PITTSBURG -- Opponents of the proposed WesPac oil storage and transfer facility say four out of five air samples collected within a couple miles of the project site show that the area already exceeds standards for particulate pollution set by the Environmental Protection Agency.

The Pittsburg Defense Council collected the samples between Dec. 14 and Dec. 31 after receiving training from Global Community Monitor, a Richmond-based group that trains people who live near industrial areas to take air samples. Particulate pollution includes dust, dirt, soot, smoke and other minute particles.

"These are places where people live, work and play," Ruth Breech, project director for Global Community Monitor, said while presenting the report at Tuesday's city council meeting during public comments.

Kalli Graham, of Pittsburg, looks out at the old storage tanks along 10th Street,  where the WesPac project plans to build a $200 million crude oil storage
Kalli Graham, of Pittsburg, looks out at the old storage tanks along 10th Street, where the WesPac project plans to build a $200 million crude oil storage and transfer facility next to a residential neighborhood, on Nov. 14, 2013. (Dan Rosenstrauch/Staff file)

The four samples above the EPA standards are considered unhealthy for sensitive populations, which include seniors, young children and people with weakened immune systems, she said.

"This is what your baseline is, where it stands right now without the additional emissions of a proposed WesPac facility," Breech said. The Pittsburg Defense Council took it upon itself to do the study because a current baseline air quality analysis was not included in the project's recirculated draft environmental impact report. An air monitoring station in Pittsburg operated by the Bay Area Air Quality Management District closed in 2008.

The Defense Council has launched a full-scale battle against the WesPac proposal in hopes of convincing city officials to reject the project, which would unload an estimated 88 million barrels of domestic and imported crude oil and partially refined crude oil annually that would be delivered by trains and ships to a storage facility on the western edge of town near homes, schools, churches and the Pittsburg Marina.

A final environmental report is expected to be released later this year. The project is not expected to come before the City Council for several months.
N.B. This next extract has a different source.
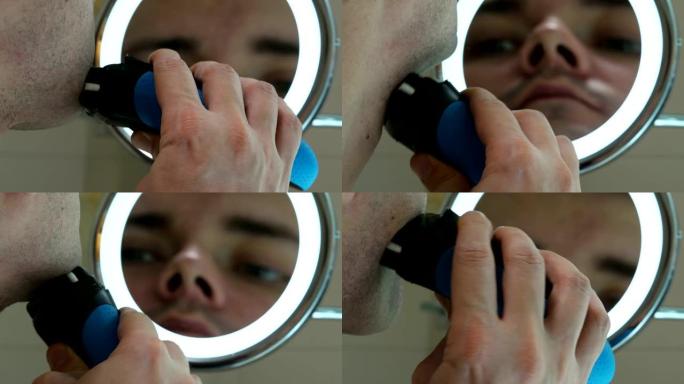 男人用电动剃须刀刮脸，在浴室里照镜子。
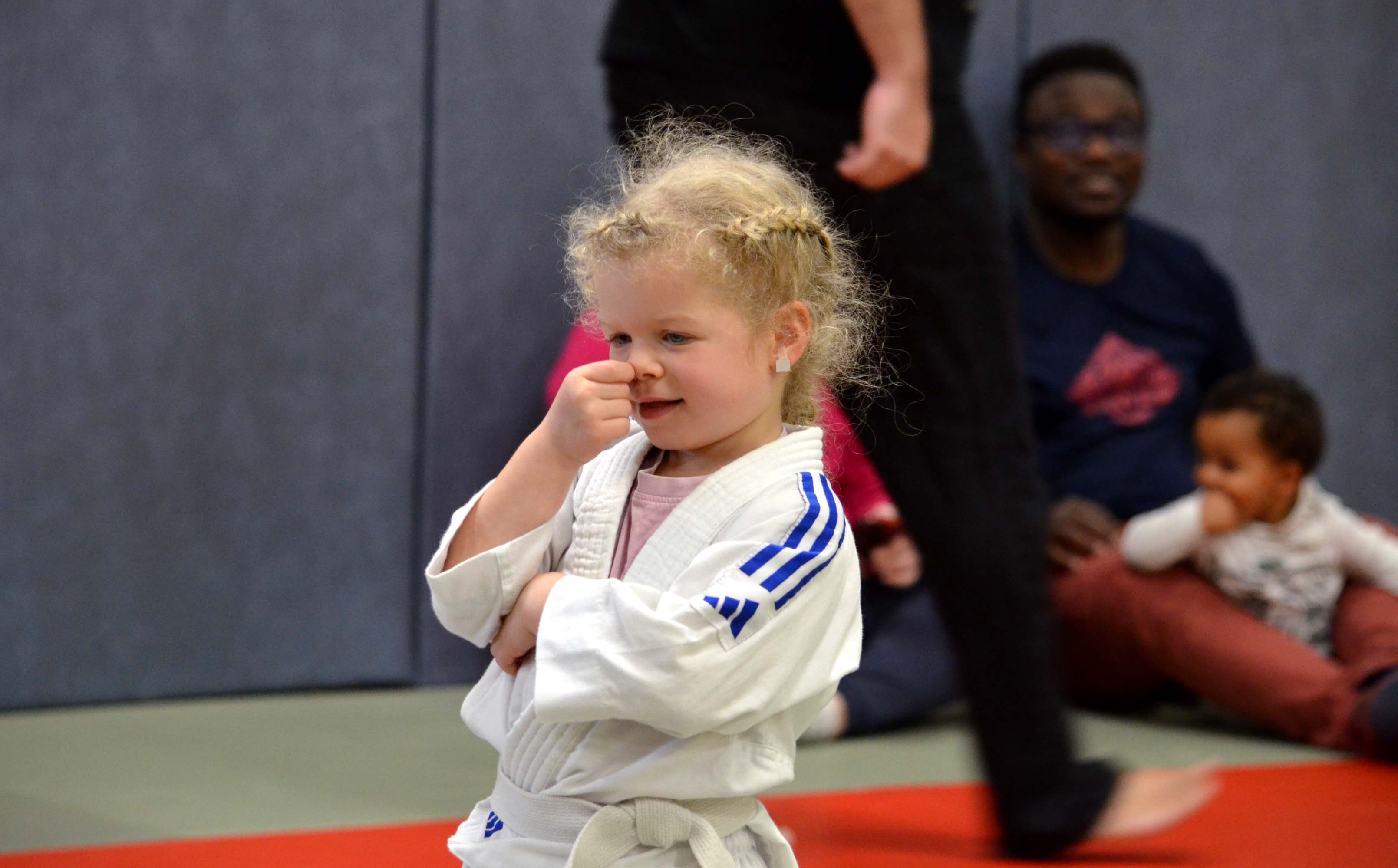 Petite fille en judogi, poing levé, fière après son cours de baby judo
Several people spoke against the project at the meeting that was packed with WesPac opponents. "WesPac will destroy the community," said Taylor Sims, one of many Pittsburg High School students who is against the project. "WesPac is a danger to our health, safety, air and water. You need to say no to WesPac."

"The facility brings nothing to our community. All it does is dump a time bomb in our front yards," Pittsburg resident Michael Chiricuzio said.

"Do we really need a giant oil terminal in the middle of a residential area, putting homes, school and churches directly in harm's way?" said Diane Bailey, a senior scientist with the San Francisco office of the Natural Resources Defense Council.

Irvine-based WesPac, along with Germany-based Oil Tanking, are behind the $200 million project. Supporters say the project will bring jobs and revenues to the city, make use of a vacant industrial parcel, and help refineries meet their future needs at a time when oil production in California is declining and existing storage is near capacity.

The first phase calls for building a component to unload domestic crude oil from North Dakota, Colorado, west Texas, and New Mexico that would be shipped in by 100 rail cars five days a week at an existing rail yard next to North Parkside Drive. Four of the 16 empty storage tanks once used by a former Pacific Gas and Electric Co. power plant to store fuel oil two decades ago would be upgraded to store the crude oil, which would be shipped by mostly underground pipelines to local refineries that ring the bay. The second phase calls for upgrading the marine terminal and remaining storage tanks on a 125-acre parcel next to what is now the NRG power plant.

Opponents contend the draft environmental report is inadequate and last week a letter from the state attorney general's office said the document fails to disclose many potential environmental impacts and risks associated with the project.

"WesPac is prepared to proceed through the full city environmental review process to assure that issues raised by everyone interested in the project are addressed fully and accurately. WesPac is committed to deliver a project that is fully mitigated, protects the Pittsburg community and the environment and delivers local jobs and needed revenues to the city and the community," Art Diefenbach, WesPac's vice president of engineering, wrote in an email.

After the meeting, Mayor Sal Evola said the environmental review process needs to be completed before any decision can be made by city officials.

"We as a government agency are obligated to process (WesPac's) application in a timely manner, and it deserves due process and a fair hearing," he said.